RouterBench Fairness Notes¶

Purpose

Document how we use RouterBench fairly: equal prompts, budgets, cost accounting, and seeds across baselines and Compitum; transparent panel composition and configs.

Panel and Configs

Panel Summary: see Panel Summary for tasks, models, WTP slices, and eval unit counts detected from the latest runs.
Config files (examples):
- data/rb_clean/evaluate_routers.yaml
- data/rb_clean/evaluate_routers_multitask.yaml
WTP grid: fixed slices used for headline tables are {0.1, 1.0}. Sensitivity grid for frontier plots includes {1e-4, 1e-3, 1e-2, 0.1, 1.0, 10.0}.

Fairness Principles

Equal prompts: baselines and Compitum operate over the same prompt sets for each evaluation unit.
Identical budgets and accounting: WTP (lambda) and token/cost accounting are identical across all systems for the unit being compared.
Paired comparisons: “best baseline” is computed per evaluation unit at fixed WTP; regret and deltas are paired before aggregation.
Seeds and grids: seeds are fixed; any limited hyperparameter sweep is preregistered, small, and frozen before final evaluation on held-out splits (see PEER_REVIEW).
Oracle exclusion: oracle rows are excluded from baseline comparisons.

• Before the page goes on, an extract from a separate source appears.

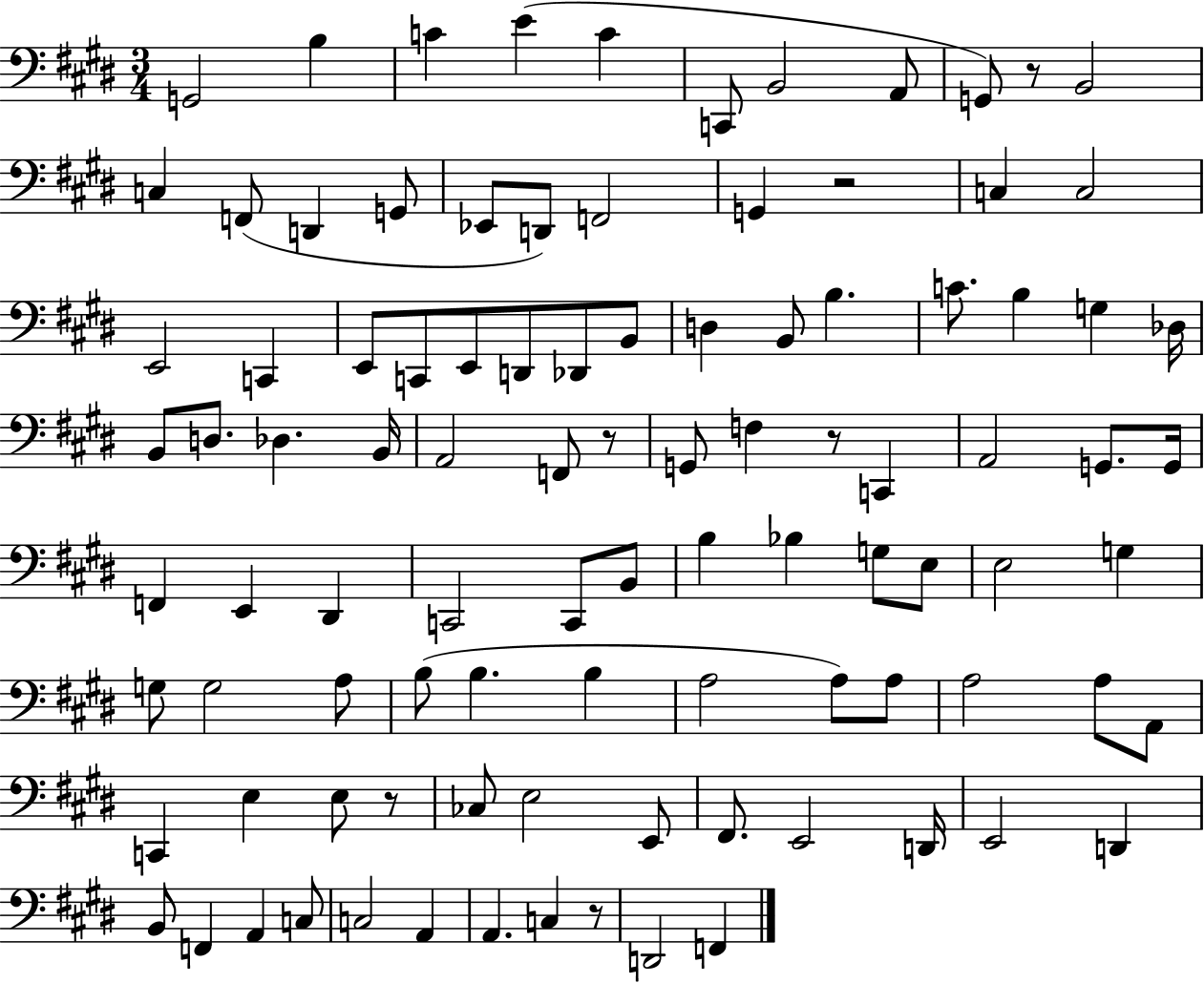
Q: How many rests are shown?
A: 6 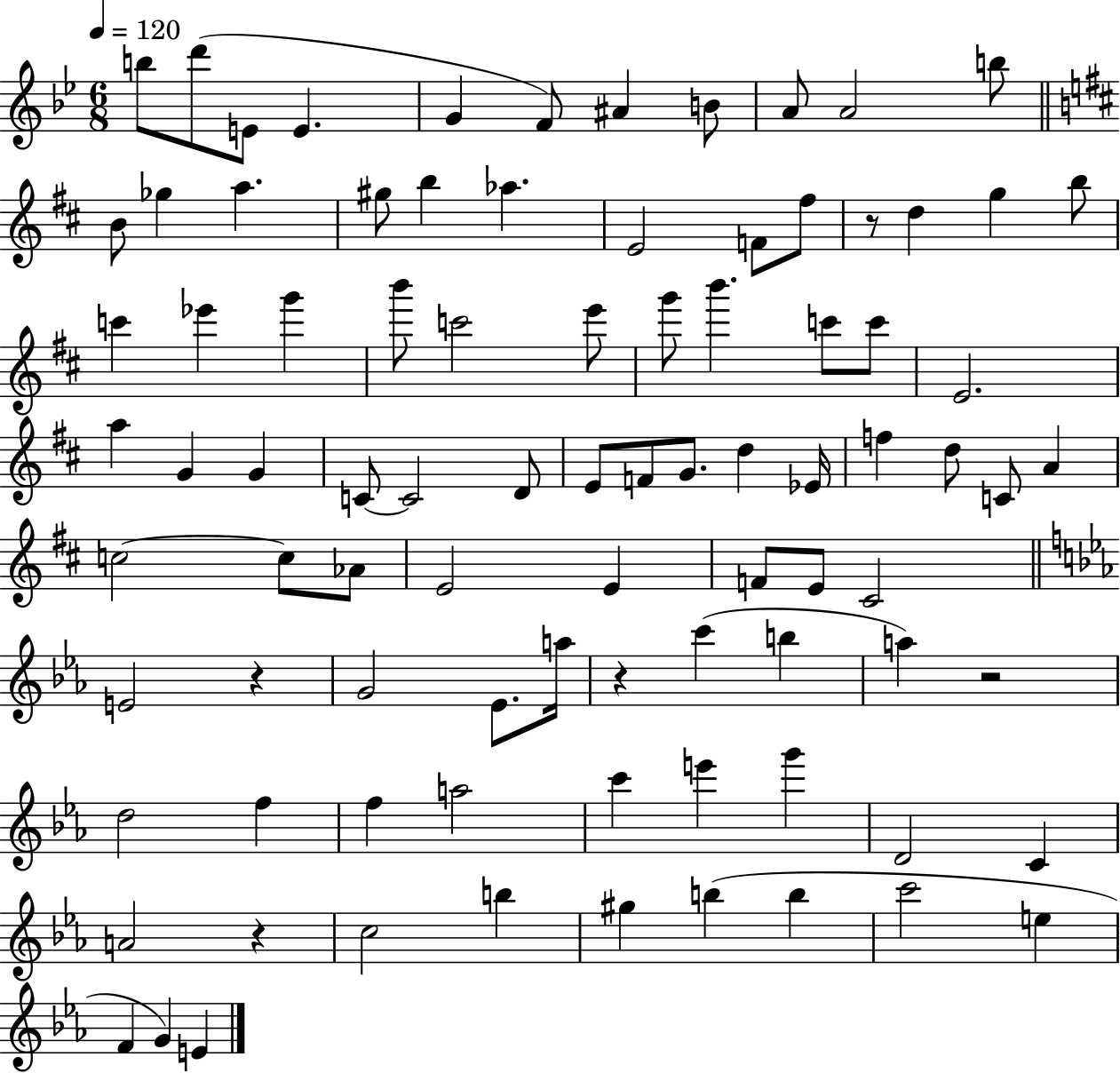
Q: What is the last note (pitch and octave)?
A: E4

Reproducibility and Transparency

Offline runs: evaluation uses locally cached, licensed inputs; no network fetching is performed by default scripts.
Artifact integrity: we generate a manifest with SHA-256 checksums for key outputs.
Evidence breakdown: in addition to panel averages, we provide per-baseline win rates, frontier gaps (with 95% bootstrap CIs), and per-task summaries.

Agreement and Diagnostics

Per-baseline agreement tooling: see tools/per_baseline_agreement.py for measuring agreement rates across models/routers.
Column inspection: see tools/inspect_eval_cols.py to verify expected columns and accounting fields in the evaluation CSVs.

Versioning and Compatibility

RouterBench integration is kept in a separate folder and not modified by default CI or linters.
We welcome PRs to update or extend fairness checks, panel definitions, or cost accounting notes. Please include YAML changes and a short justification of the impact on comparability.